【産経抄】3月2日 | 皇国ノ興廃此一戦二在リ各員一層奮励努力セヨ 





日本の国会議員は働き者である。深夜まで熱心に論議しても飽きたらないようで、きのうは午前2時から本会議を開き、予算案の採決を終えて散会したのは3時半をまわっていた。日ごろ、議場で居眠りして体力を温存しているセンセイ方が多いとはいえ、ご苦労な話である。

 ▼ご苦労でないのは、病気でもないのに本会議を欠席した16人の民主党議員たちだ。彼らは小沢一郎元代表に近く、「予算案の内容は民主党の政権公約(マニフェスト)とかけ離れている」と執行部に反旗を翻した。ならば、堂々と反対すべきだった。

 ▼憲法には「国会は、国権の最高機関であって、国の唯一の立法機関である」と書いてある。国民生活に直結する予算案に賛成も反対もせず、職場放棄するとはなんたることか。国権の最高機関メンバーとしての自覚がないどころか卑怯(ひきょう)者と誹(そし)られても仕方ない。

 ▼にもかかわらず、上司の説得を振り切って職場放棄した彼らに下された党の処分はびっくりするほど軽かった。さすがにリーダー格の議員は6カ月間の党員資格停止となったが、その他は厳重注意という名の「無罪放免」だ。
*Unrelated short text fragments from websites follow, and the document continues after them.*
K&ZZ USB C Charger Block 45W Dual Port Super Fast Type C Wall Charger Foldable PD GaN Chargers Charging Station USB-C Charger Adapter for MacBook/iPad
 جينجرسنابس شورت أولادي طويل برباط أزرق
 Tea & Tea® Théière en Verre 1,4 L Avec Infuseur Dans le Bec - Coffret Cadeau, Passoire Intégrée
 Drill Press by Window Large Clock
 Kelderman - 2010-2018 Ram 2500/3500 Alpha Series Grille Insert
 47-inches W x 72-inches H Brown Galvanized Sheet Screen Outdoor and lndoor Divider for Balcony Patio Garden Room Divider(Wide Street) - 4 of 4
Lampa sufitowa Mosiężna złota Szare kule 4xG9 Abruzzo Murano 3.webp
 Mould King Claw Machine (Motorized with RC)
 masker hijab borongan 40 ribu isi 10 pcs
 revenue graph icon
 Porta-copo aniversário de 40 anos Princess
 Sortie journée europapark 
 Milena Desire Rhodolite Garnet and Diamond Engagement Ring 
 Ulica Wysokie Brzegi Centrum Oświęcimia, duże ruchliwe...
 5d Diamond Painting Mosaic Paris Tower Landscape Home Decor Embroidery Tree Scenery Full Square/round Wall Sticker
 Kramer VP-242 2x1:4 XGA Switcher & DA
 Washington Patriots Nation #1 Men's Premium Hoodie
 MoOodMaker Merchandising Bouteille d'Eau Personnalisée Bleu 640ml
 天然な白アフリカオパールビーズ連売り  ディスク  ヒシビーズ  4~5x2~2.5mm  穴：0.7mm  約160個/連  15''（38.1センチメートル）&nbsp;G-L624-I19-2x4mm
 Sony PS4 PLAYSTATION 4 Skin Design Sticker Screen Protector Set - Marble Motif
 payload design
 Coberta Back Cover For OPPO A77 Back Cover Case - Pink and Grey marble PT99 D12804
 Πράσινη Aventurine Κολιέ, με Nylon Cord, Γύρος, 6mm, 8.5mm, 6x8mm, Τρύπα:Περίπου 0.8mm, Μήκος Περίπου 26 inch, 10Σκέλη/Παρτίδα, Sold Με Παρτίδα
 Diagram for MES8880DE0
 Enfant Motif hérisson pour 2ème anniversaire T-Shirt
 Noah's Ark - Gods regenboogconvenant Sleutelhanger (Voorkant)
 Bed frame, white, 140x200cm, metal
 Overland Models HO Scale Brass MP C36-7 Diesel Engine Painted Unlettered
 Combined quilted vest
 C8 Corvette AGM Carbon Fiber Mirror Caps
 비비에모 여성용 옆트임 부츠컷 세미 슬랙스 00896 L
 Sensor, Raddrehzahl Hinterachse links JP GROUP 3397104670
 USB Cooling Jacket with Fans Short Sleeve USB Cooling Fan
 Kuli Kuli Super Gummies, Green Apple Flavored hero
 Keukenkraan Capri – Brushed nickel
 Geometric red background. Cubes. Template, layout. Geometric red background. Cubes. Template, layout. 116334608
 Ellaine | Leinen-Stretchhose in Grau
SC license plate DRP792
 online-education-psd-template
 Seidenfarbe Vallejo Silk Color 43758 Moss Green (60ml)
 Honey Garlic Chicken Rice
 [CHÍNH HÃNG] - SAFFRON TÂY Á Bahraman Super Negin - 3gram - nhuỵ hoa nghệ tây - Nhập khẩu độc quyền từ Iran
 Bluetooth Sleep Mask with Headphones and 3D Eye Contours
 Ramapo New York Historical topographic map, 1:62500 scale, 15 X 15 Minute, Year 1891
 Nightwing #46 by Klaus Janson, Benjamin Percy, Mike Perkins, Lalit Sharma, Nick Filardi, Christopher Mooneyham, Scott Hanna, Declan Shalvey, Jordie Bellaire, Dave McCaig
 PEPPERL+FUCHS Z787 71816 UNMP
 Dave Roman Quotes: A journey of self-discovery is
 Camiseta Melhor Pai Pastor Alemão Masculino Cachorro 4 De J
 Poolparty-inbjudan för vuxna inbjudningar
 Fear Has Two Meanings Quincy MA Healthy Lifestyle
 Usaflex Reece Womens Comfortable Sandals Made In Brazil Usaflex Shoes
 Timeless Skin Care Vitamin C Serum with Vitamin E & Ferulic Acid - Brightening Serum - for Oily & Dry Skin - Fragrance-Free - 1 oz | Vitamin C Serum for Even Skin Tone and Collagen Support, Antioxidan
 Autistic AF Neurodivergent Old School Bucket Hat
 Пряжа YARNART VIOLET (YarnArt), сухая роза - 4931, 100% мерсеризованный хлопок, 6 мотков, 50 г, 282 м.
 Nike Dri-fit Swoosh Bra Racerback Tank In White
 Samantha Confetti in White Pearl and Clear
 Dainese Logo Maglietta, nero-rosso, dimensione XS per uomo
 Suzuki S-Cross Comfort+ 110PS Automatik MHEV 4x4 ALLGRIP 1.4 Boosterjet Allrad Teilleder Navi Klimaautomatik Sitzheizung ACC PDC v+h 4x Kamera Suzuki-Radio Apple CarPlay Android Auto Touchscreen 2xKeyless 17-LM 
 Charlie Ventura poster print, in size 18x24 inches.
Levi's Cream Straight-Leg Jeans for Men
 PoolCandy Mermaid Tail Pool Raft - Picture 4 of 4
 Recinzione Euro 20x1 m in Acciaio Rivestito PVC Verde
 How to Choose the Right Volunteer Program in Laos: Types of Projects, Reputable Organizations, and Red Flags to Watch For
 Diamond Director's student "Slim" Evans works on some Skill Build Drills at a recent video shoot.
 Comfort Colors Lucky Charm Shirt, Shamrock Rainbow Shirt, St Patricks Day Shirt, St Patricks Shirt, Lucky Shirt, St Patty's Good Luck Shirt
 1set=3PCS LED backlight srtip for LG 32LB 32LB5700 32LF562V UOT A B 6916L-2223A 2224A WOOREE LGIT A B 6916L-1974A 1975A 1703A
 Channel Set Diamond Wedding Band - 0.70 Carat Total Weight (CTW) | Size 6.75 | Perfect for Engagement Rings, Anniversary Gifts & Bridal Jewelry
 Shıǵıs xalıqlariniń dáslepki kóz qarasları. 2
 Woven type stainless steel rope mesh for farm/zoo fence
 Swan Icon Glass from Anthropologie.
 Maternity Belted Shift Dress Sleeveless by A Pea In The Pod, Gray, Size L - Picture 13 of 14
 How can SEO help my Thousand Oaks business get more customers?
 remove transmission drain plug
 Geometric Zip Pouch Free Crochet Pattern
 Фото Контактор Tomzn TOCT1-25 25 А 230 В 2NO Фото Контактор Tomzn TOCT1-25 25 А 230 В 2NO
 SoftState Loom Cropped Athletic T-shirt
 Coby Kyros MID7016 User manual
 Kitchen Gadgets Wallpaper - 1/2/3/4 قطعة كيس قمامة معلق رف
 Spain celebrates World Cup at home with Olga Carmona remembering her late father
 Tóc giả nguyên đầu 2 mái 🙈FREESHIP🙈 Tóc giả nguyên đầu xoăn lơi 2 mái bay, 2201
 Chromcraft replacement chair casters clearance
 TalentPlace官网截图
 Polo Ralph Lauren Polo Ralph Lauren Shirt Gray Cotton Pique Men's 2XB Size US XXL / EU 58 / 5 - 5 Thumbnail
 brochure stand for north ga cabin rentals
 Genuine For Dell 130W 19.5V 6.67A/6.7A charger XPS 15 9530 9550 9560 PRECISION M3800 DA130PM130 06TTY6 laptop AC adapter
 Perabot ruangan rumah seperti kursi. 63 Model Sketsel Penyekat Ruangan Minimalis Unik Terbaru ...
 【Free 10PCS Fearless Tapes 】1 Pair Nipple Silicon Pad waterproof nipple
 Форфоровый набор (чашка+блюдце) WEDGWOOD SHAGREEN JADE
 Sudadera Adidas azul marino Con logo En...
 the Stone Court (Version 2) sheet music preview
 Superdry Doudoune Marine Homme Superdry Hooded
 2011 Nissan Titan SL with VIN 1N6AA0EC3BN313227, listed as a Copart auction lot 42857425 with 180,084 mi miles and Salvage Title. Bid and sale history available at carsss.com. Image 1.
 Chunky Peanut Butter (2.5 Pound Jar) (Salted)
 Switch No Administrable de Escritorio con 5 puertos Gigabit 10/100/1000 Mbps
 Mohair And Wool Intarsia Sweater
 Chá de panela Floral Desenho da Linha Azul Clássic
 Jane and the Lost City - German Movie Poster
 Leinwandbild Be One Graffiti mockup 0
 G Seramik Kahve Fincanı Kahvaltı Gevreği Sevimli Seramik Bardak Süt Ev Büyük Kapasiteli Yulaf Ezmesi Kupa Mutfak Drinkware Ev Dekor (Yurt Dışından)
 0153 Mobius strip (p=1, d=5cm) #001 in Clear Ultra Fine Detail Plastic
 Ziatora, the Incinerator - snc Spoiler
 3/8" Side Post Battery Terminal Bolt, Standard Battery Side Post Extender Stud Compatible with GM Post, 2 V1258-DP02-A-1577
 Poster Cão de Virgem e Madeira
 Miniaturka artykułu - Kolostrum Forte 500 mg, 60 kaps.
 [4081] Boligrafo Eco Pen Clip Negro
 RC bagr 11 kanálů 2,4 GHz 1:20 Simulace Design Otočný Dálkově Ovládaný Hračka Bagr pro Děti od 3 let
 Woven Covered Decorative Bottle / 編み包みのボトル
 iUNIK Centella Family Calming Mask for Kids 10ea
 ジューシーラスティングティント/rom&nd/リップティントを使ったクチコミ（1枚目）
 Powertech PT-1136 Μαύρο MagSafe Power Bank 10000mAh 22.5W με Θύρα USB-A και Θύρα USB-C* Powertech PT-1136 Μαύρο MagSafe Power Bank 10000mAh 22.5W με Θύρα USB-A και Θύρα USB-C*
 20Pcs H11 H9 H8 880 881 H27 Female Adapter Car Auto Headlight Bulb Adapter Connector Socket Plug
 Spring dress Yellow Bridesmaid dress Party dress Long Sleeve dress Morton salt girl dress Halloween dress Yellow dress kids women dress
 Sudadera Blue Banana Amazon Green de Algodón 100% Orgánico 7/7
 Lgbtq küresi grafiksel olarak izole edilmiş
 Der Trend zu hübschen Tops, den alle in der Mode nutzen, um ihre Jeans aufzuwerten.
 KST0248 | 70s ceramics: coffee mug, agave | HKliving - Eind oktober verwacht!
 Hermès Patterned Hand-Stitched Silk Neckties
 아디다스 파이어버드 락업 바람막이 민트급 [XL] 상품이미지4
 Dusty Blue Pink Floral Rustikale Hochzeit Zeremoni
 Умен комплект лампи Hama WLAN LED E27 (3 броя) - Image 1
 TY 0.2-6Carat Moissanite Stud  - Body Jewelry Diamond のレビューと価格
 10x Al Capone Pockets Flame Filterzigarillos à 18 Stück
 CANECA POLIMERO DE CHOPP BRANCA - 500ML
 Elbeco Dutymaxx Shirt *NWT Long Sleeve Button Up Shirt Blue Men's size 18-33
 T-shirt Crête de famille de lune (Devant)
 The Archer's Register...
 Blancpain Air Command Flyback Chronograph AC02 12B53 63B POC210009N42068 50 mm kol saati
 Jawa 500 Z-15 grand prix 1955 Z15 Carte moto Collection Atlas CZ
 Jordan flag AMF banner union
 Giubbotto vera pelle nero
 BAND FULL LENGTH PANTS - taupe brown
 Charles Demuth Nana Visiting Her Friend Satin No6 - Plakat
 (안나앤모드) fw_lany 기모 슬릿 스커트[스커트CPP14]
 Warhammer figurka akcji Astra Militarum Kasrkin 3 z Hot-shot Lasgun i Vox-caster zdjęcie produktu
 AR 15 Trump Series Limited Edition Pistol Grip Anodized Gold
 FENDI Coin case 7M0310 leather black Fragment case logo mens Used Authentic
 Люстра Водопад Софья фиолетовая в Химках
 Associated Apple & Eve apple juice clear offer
 ▼「イラカン」と呼ばれた菅直人首相も人間がまるくなったのかといぶかっていたら、さにあらず。16人すべてを厳罰にすれば、たちまち新党をつくられ、民主党分裂が現実になるのを恐れたんだとか。

 ▼その昔、国鉄当局は、順法闘争という名のサボタージュに参加した組合員に、ほんの一部を除いて甘い処分しかできなかった。組合はますます増長し、国民に見放された国鉄は滅びてしまった。信賞必罰もろくにできない民主党は国鉄と同じ運命をたどる、と書けば国鉄OBに失礼かもしれないが。